After the story broke last week, the White House tried to back away from it. However, some unnamed senior officials have stood by it.

Our politics become more surreal every day. This plan won’t work for the simple reason that Iraq is not Japan. The Bush White House and the Rumsfeld Pentagon seem to know next to nothing about Japan.

The Potsdam Declaration ending World War II ordered MacArthur to “democratize” Japan. MacArthur himself thought that this order held great dangers. If not done carefully, his efforts would have only the legitimacy of the conqueror behind them and might well provide a target for later Japanese nationalists seeking to overturn foreign reforms.

MacArthur made some strategic decisions. He retained Hirohito on the throne and had all occupation reform directives come from the emperor. The general conducted an indirect occupation. He did not replace the wartime Japanese government but kept it intact, only now taking orders from him.

The new Japanese constitution, land reform, trade unions and the attempt to open up the economy all came in the form of laws enacted by the Japanese government. If the U.S. intends to follow the Japanese model in Iraq, it will have to keep Saddam Hussein in place and work through him.

The idea of conducting war-crimes trials is crackpot. In Japan, they were intended to educate the public about the war, but they backfired. Gen. Hideki Tojo, who was prime minister at the time of Pearl Harbor, embarrassed everyone by asking from the dock, “Why isn’t the emperor here?” No one dared answer that MacArthur had rewritten history to keep the emperor in power. By the time the U.S. got around to hanging a few wartime leaders, most Japanese saw the war-crimes trials as miscarriages of justice.

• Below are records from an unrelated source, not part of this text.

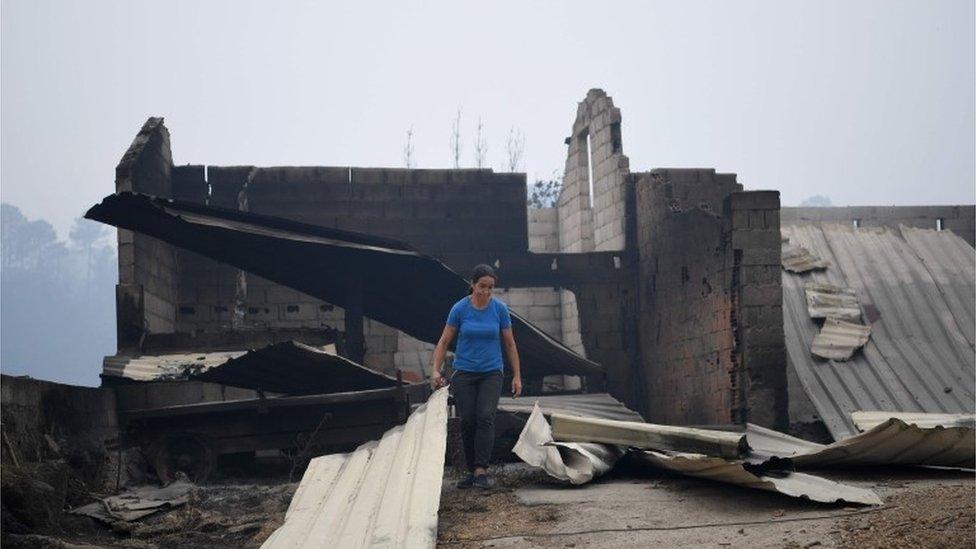 A woman checks the damage in Vila Nova near Vouzela as wildfires continue to rage in Portugal 16/10/2017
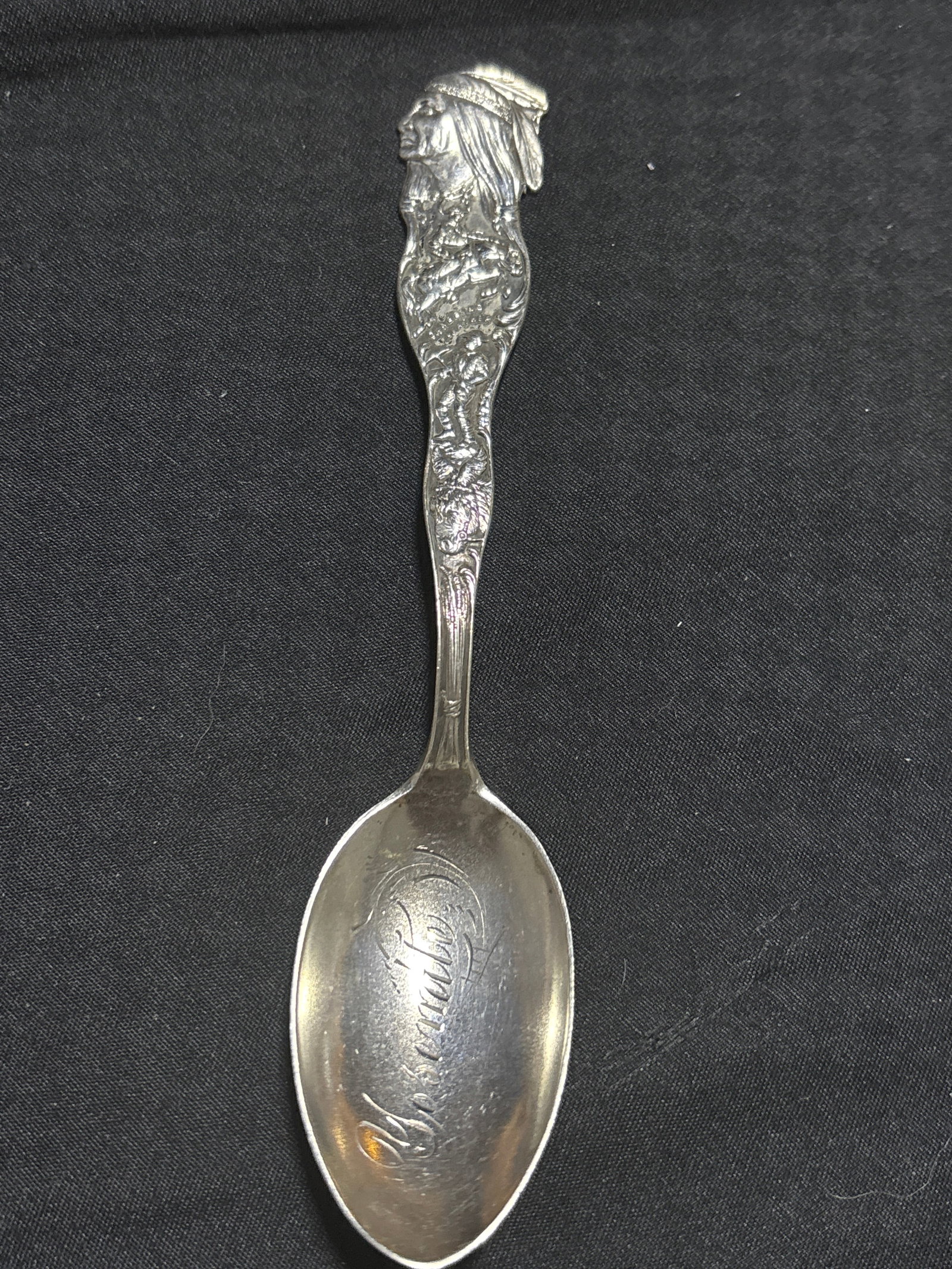 Yellowstone souvenir Native American design 5&7/8inch spoon; 24 grams: Yellowstone souvenir Native American design 5&7/8inch spoon; 24 grams.No pitting, breaks, etc. but light tarnish.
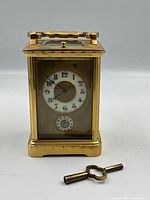 Front view of brass carriage clock and winding key on white background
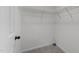 Walk-in closet with shelving unit at 412 Hay River St, Garner, NC 27529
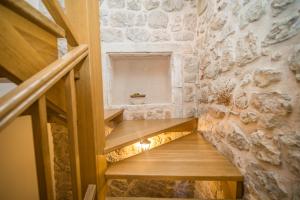 a staircase in a room with a stone wall at Vintage house Kolocep in Koločep +26 photos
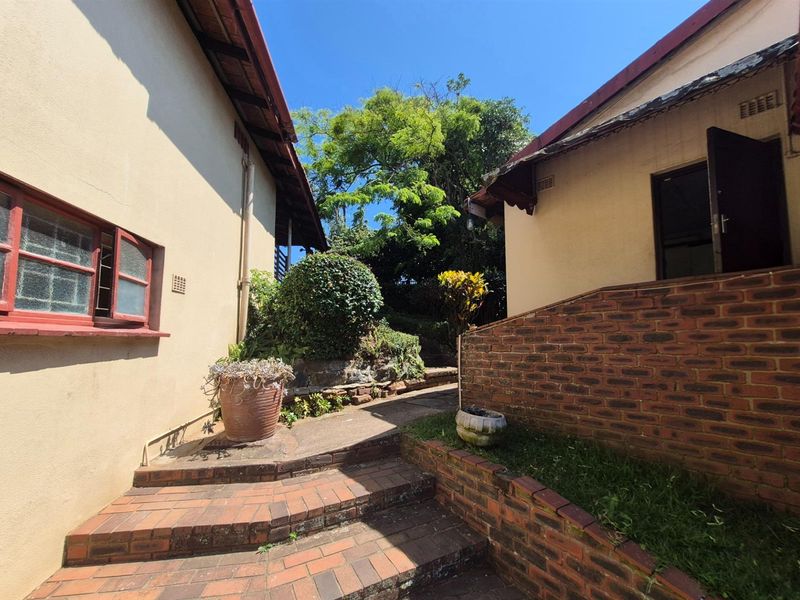 A paved outdoor walkway between two building structures featuring brick retaining walls and established garden landscaping.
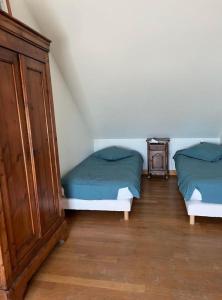 Posteľ alebo postele v izbe v ubytovaní La Maison de Garel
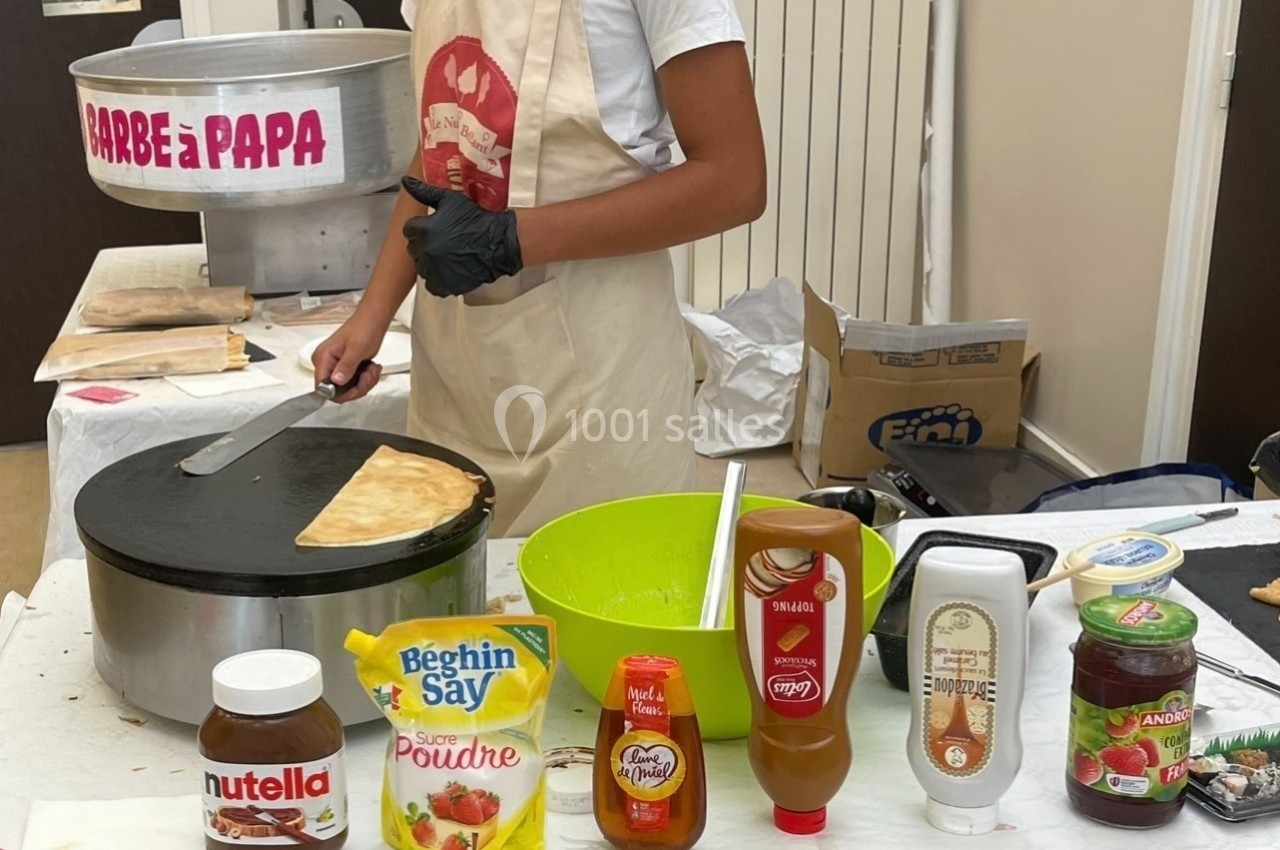 Un stand de crêpes avec une personne préparant une crêpe sur une plaque chauffante, entourée d'ingrédients variés.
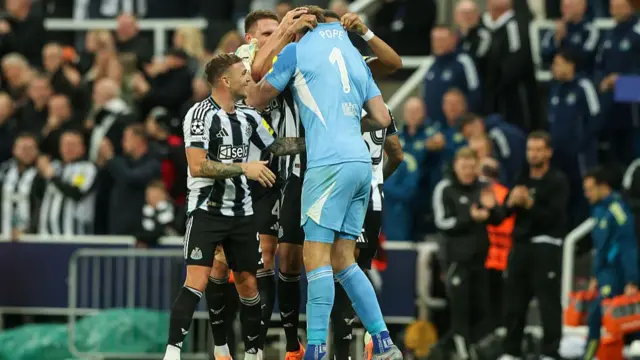 Nick Pope celebrates with Newcastle team mates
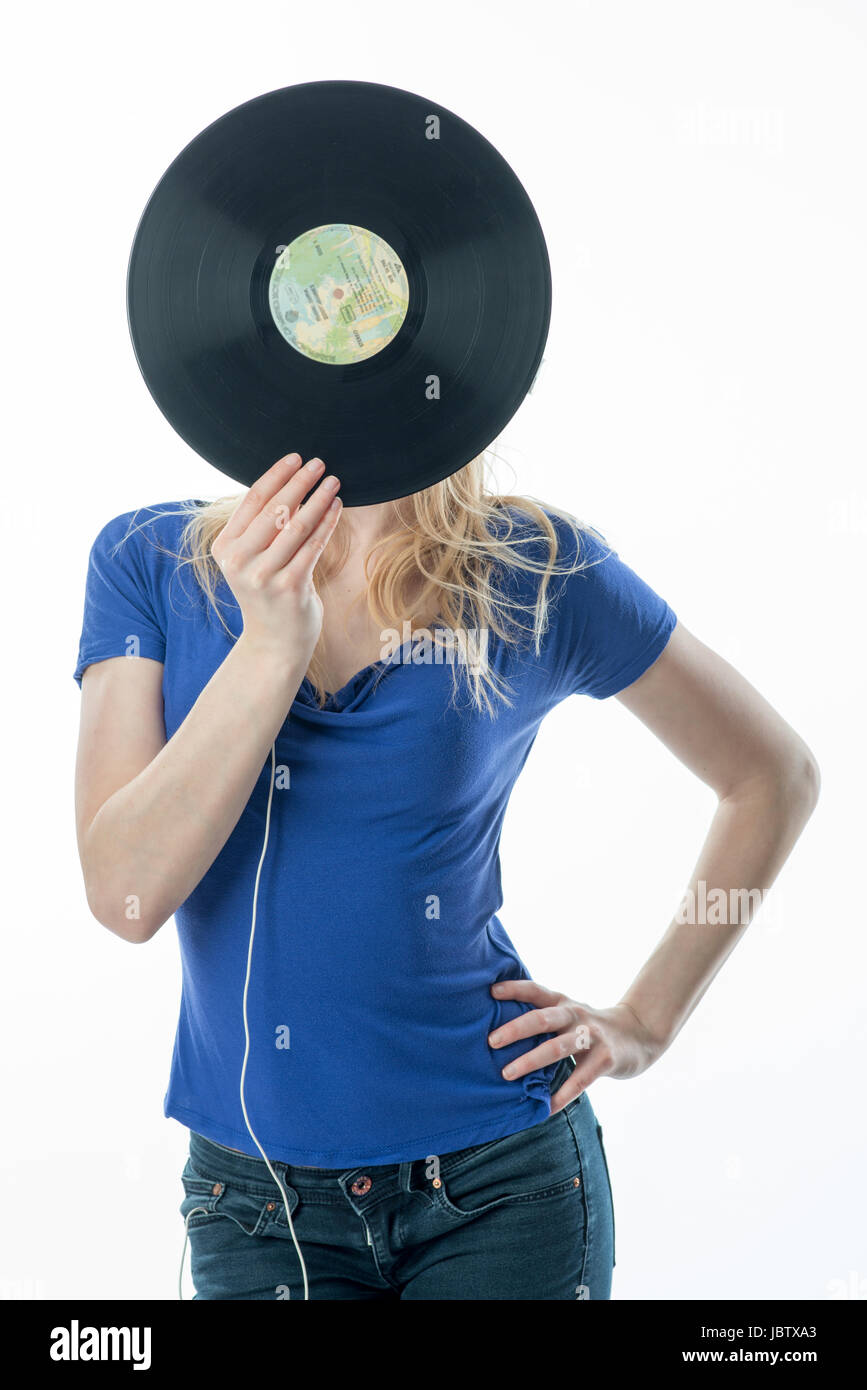 blonde girl hiding behind a record Stock Photo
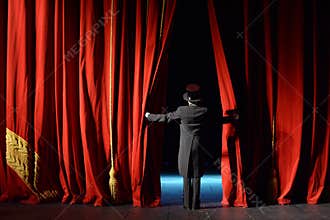 Actor in a tuxedo stage curtain opens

Most Americans do not understand that the Japanese people do not credit MacArthur with bringing democracy to Japan, although they do honor his memory as a postwar shogun. Democracy already existed in Japan, based on the parliamentary politics of the 1920s, before the militarists took over.

Another reason the Japanese don’t credit the U.S. is that halfway through the occupation the Americans changed their minds and began turning Japan into a docile American satellite for fighting the Cold War.

The so-called “reverse course” of 1947 meant welcoming back to power many of the prewar and wartime leaders whom the Americans had purged. Seeing this, the Japanese worked to take advantage of the new conditions created by the Cold War. In return for letting the U.S. keep its military bases on Japanese soil, the Japanese demanded unrestricted access to the U.S. market and American tolerance of their protectionism. The results of this policy can be seen today in any U.S. parking lot. It also produced the largest trade imbalances (in favor of Japan) in economic history.

During the early days of the Allied occupation, the Americans did not have any economic interests in Japan. But the oil lobby led by Vice President Dick Cheney is drooling to get its hands on Iraq’s oil. As late as 1999, Cheney’s former company, Halliburton, supplied Hussein with $23.8 million worth of oil field equipment.

Perhaps most obviously, MacArthur did not have a serious religion problem in Japan. He forced the emperor to renounce his status as a Shinto god, but religious impulses have always lain lightly on the Japanese psyche. Iraq, by contrast, is ruled by a minority government of Sunni Muslims that has fought bloody wars with the country’s Shiite and Kurdish majorities.

I am doubtful that a group of heavily armed American infidels can bring “democracy” to Iraq, but I know for certain that what happened 50 years ago in Japan is no model.